Initial parameters estimation for Euler-Bernoulli beam fitting of measured frequency response functions

Abstract

In receptance coupling studies, Euler-Bernoulli beam fitting is a powerful method to derive the rotational receptances from a single frequency response function or displacement-to-force receptance measurement. To automatically complete this method, optimization algorithms are used. For optimization process, initial beam parameters including diameter, length and solid damping factor for each mode in the measured displacement-to-force receptance are required to start iterative search. As such, exploring those initial parameters is sort of trial-and-error work and takes quite some time. To speed up and automatize this work, in the current paper, a new practical, general and easy to implement initial parameters estimation procedure, based on the peak-picking method, is proposed. For verification, a nonlinear least squares fitting-based algorithm is applied on measured spindle-holder subassembly displacement-to-force receptances.
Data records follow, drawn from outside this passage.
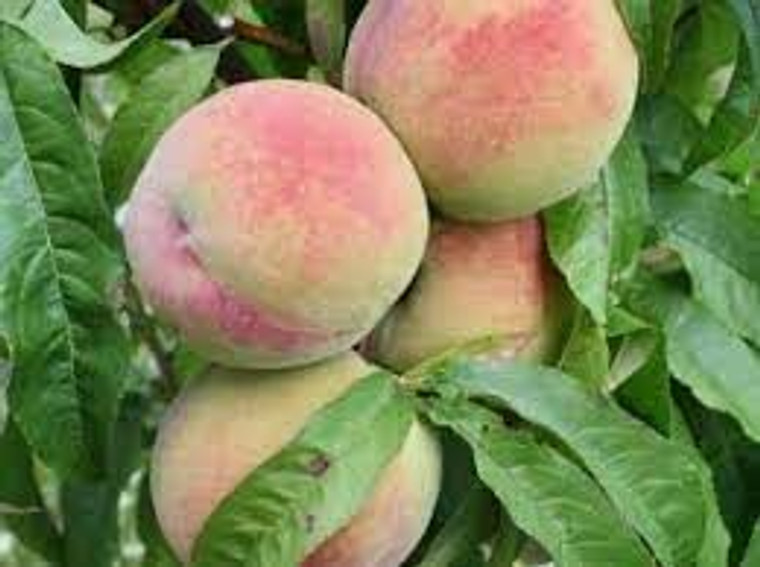 Peach 'Springcrest' PB18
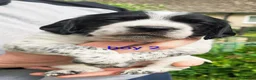 Mixed Breed dogs for sale: Cocker x sprollie  - Advert 3
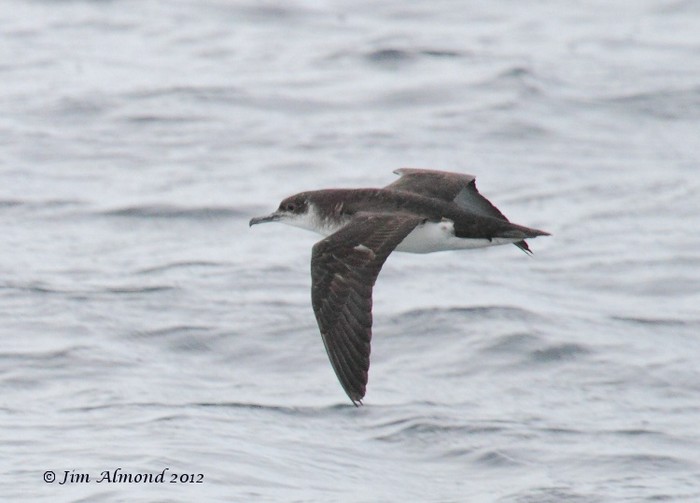 Manx Shearwater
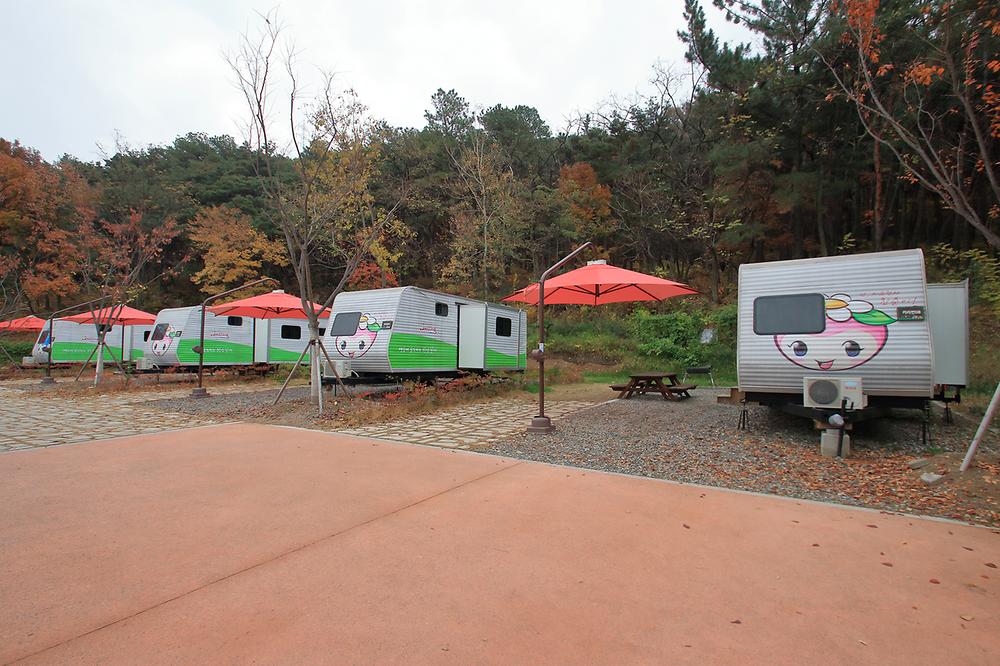 대구 달서별빛캠프 캠핑장 소개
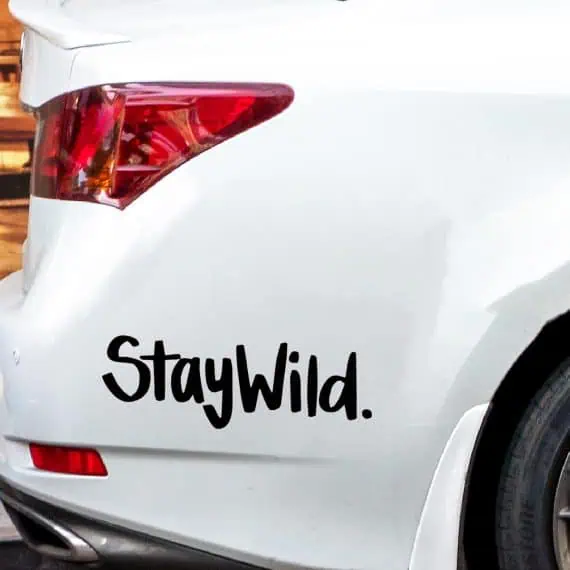 Nalepka Stay Wild za avtomobile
The results have shown that the estimated initial beam parameters lead to a quick converge in the optimization process and a successful Euler-Bernoulli beam fitting. • A new practical procedure for initial beam parameters estimation is proposed for EulerBernoulli beam fitting. • The proposed procedure remarkably prevents the time-consuming work to determine initial beam parameters. • Its implementations are performed on measured spindle-holder subassembly displacement-to-force receptances. • The proposed procedure certainly improves success probability of optimization algorithms.